HE-LRM: Encrypted Deep Learning Recommendation Models using Fully Homomorphic Encryption
Karthik Garimella, Austin Ebel, Gabrielle De Micheli, Brandon Reagen
TL;DR
HE-LRM advances privacy-preserving inference for Deep Learning Recommendation Models by introducing a client-side digit-decomposition embedding compression and a multi-embedding diagonal packing strategy, enabling end-to-end CKKS-based DLRM inference within the Orion framework. The approach achieves up to $77\times$ embedding compression speedups over prior work, supports parallel lookups across multiple embedding tables, and demonstrates CPU-end-to-end latencies of $24.22$ s on UCI Heart and $\sim$213–489 s on Criteo, with hardware accelerators (GPU/ASIC) projected to bring latencies to seconds or sub-seconds. The work also discusses threat models, embedding-lookup trade-offs, and detailed results on training and deployment, highlighting practical implications for privacy-preserving recommendations. Overall, HE-LRM brings encrypted DLRMs closer to real-world deployment by balancing compression, packing, and accelerator-aware execution within the CKKS-based private inference paradigm.
Abstract
Fully Homomorphic Encryption (FHE) allows for computation directly on encrypted data and enables privacy-preserving neural inference in the cloud.

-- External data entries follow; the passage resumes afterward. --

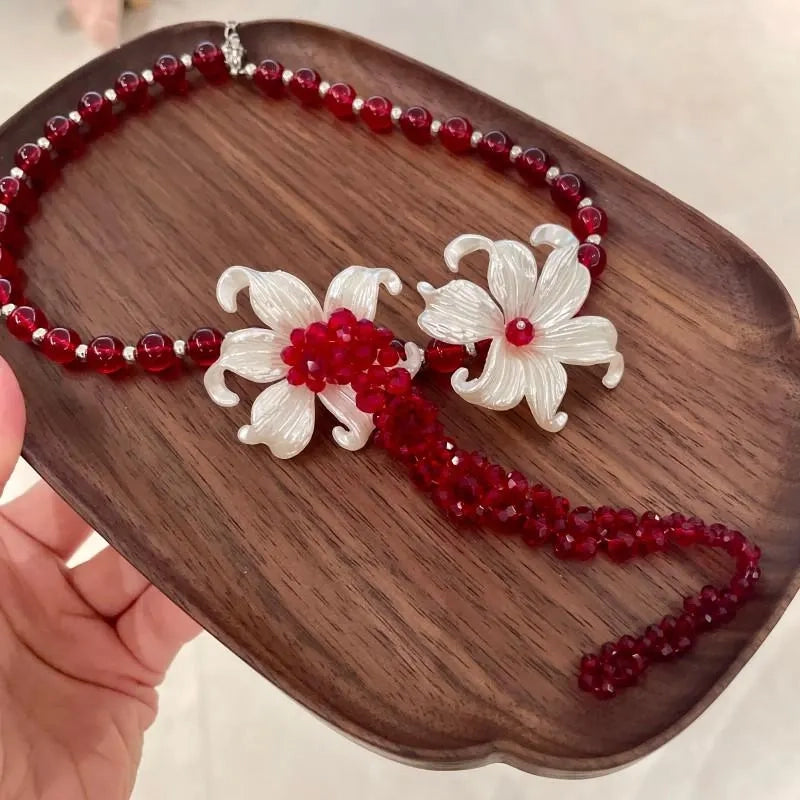 Collana con anello a forma di fiore di cristallo rosso, realizzata a mano, regalo di Natale o di compleanno.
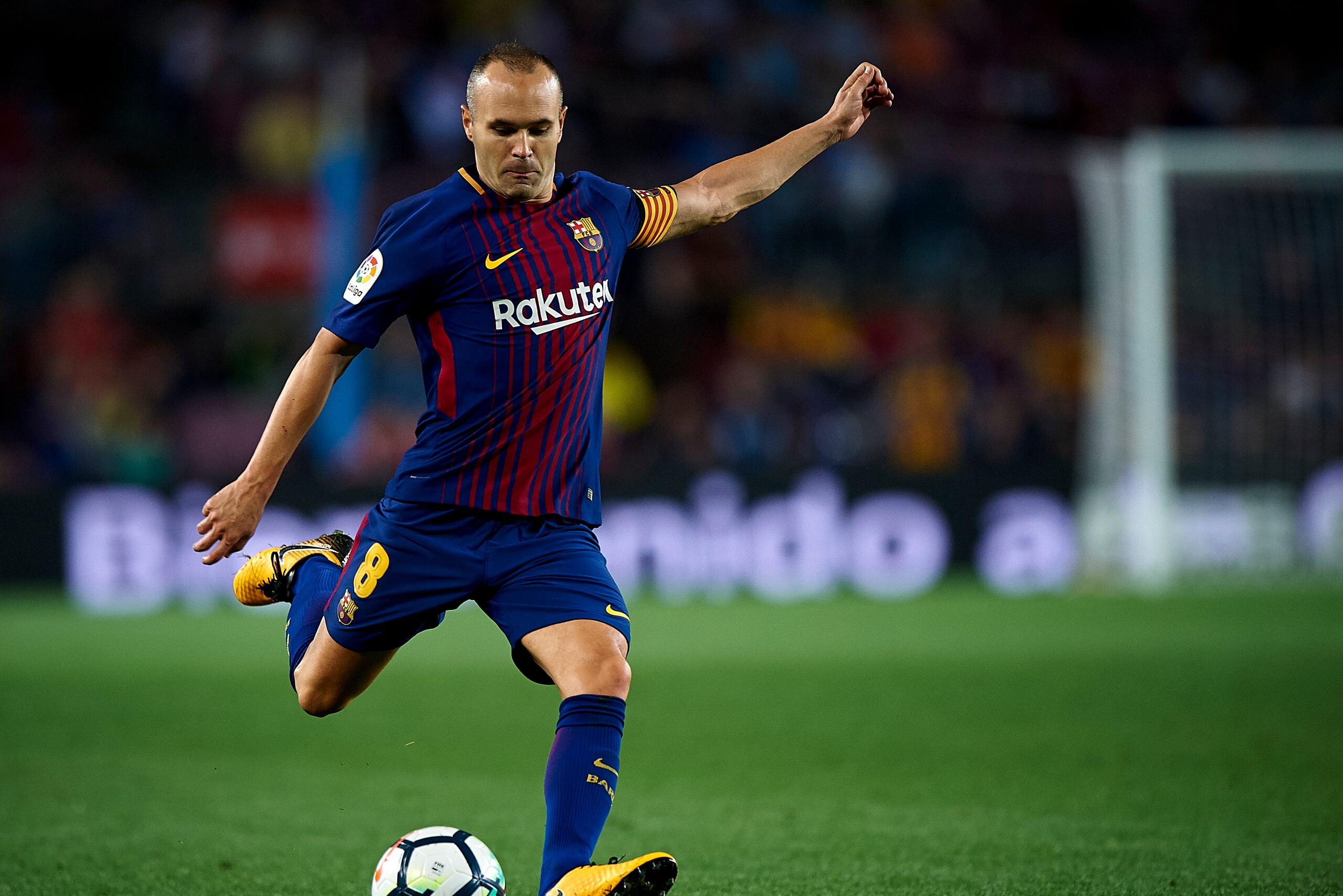BARCELONA, SPAIN - OCTOBER 21:  Andres Iniesta of Barcelona in action during the La Liga match between Barcelona and Malaga at Camp Nou on October 21, 2017 in Barcelona, Spain.  (Photo by fotopress/Getty Images)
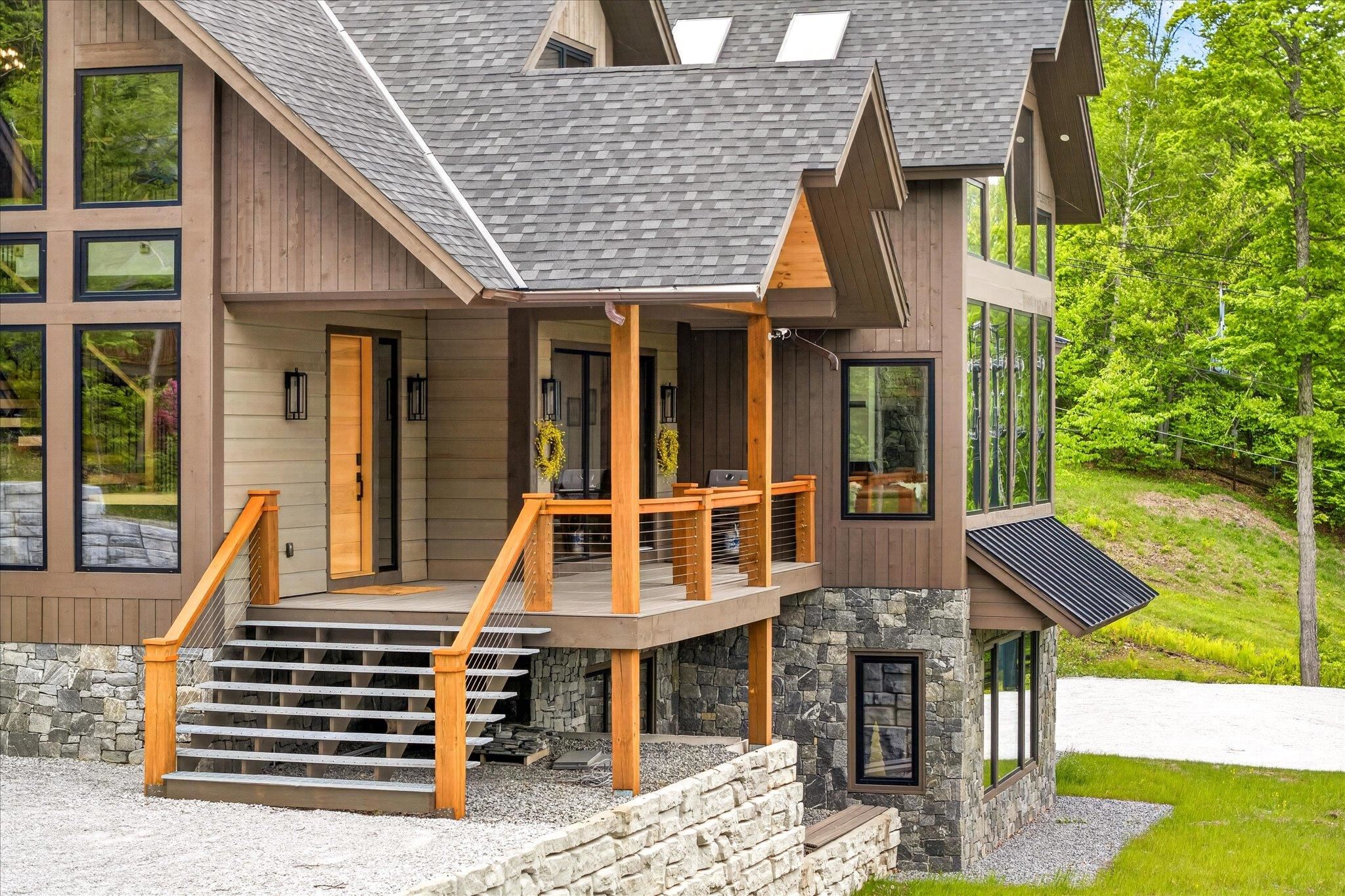 112 Snowbridge Road Unit: L3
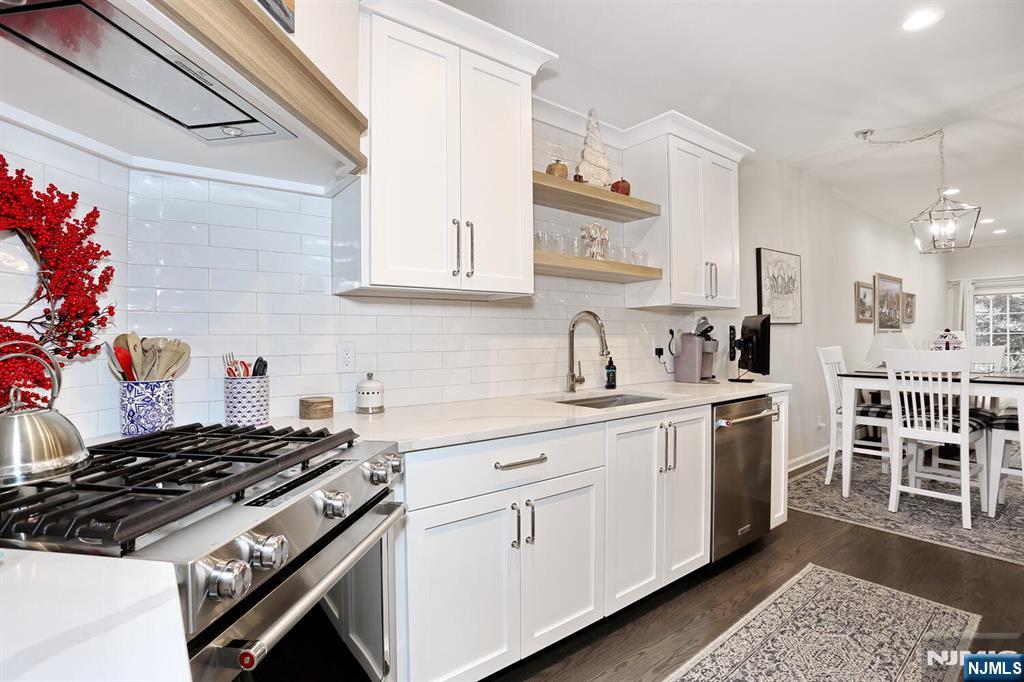 2 Normandy Court 14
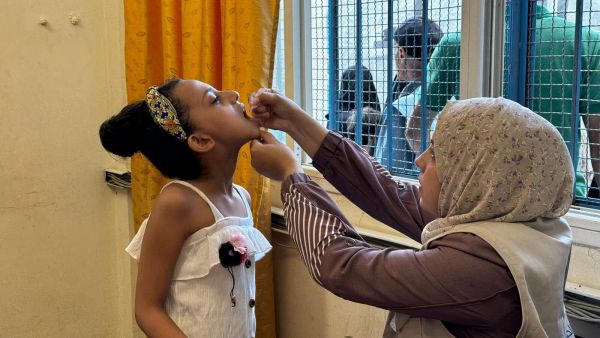 polio vaccination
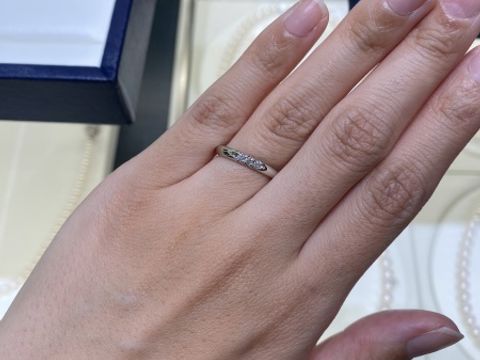 【MIKIMOTO(ミキモト)の口コミ】 最近は細めの指輪が多い印象でしたが、細すぎず存在感のある感じが気に入…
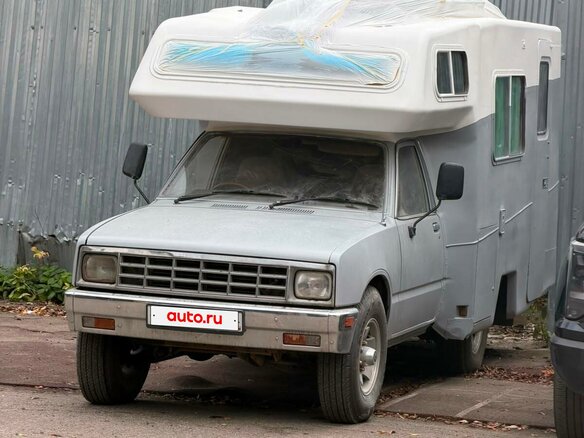 1990 Isuzu Elf (N-series), зелёный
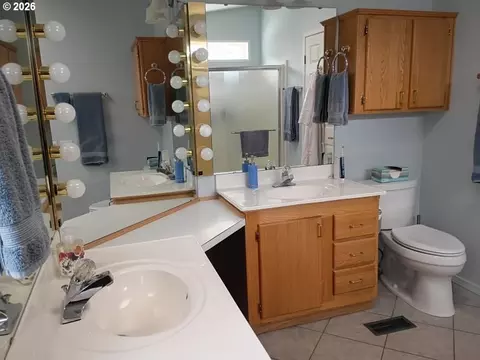 Bath - 2490 Blue Boy Ln, Eugene, OR 97404 photo 2 of 3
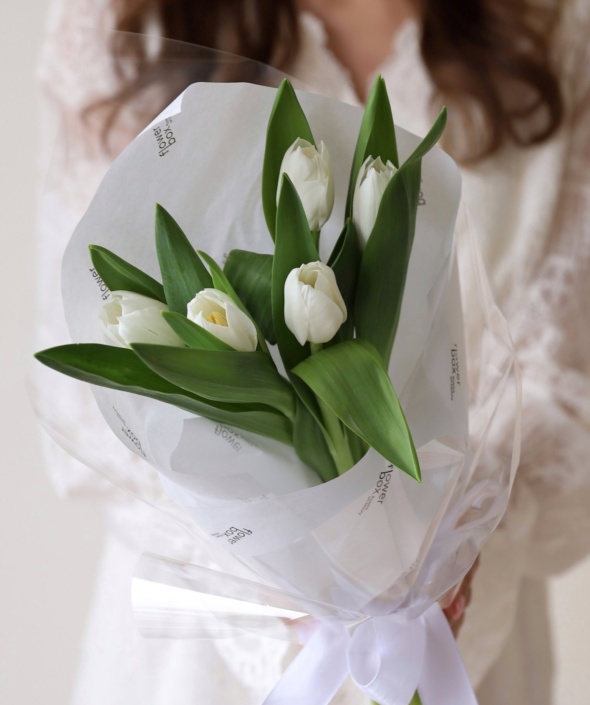 Букет из 5 гладких тюльпанов в оформлении №2146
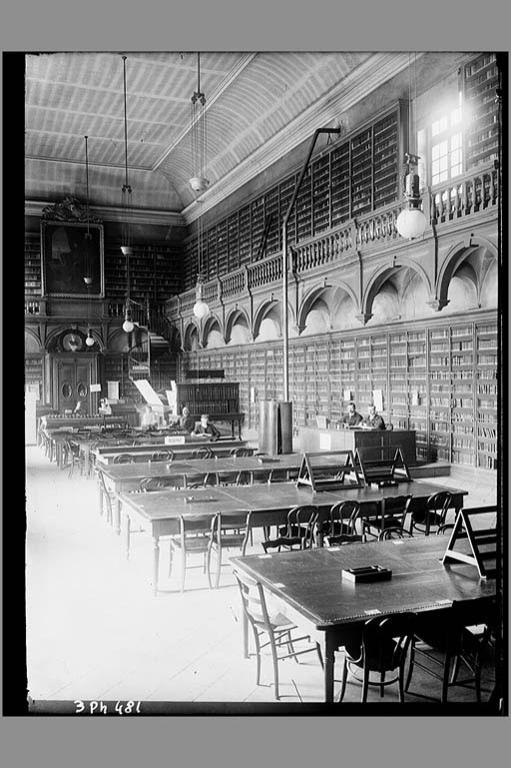 Bibliothèque et médaillier du collège de la Trinité, puis Bibliothèque municipale, puis Tribunal des Prud'hommes et bureaux de la Foire de Lyon, actuellement Centre de documentation et d'information et salles de classe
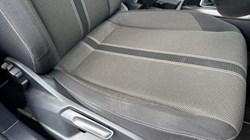2020 (20) VOLKSWAGEN T-ROC 2.0 TDI SE 5dr 5570883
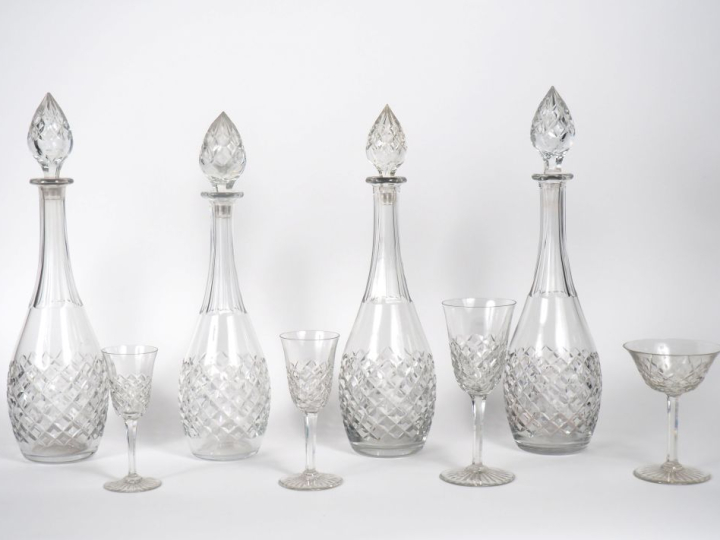 BACCARAT.  Service de verres en cristal décor de croisillons comprenan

Prior work has focused on models with dense inputs (e.g., CNNs), with less attention given to those with sparse inputs such as Deep Learning Recommendation Models (DLRMs). These models require encrypted lookup into large embedding tables that are challenging to implement using FHE's restrictive operators and introduces significant overhead. In this paper, we develop performance optimizations to efficiently support sparse features and neural recommendation in FHE.First, we present an embedding compression technique using client-side digit decomposition that achieves 77$\times$ speedup over state-of-the-art. Next, we propose a multi-embedding packing strategy that enables ciphertext SIMD-parallel lookups across multiple tables. We name our approach HE-LRM and integrate it into the open-source Orion FHE framework to demonstrate end-to-end encrypted DLRM inference. We evaluate HE-LRM on UCI (health prediction) and Criteo (click prediction), achieving inference latencies of 24 and 489 seconds, respectively, on a single-threaded CPU. Finally, we show how GPU and ASIC FHE acceleration can reduce end-to-end latencies to seconds and even sub-seconds, making encrypted recommendations near practical.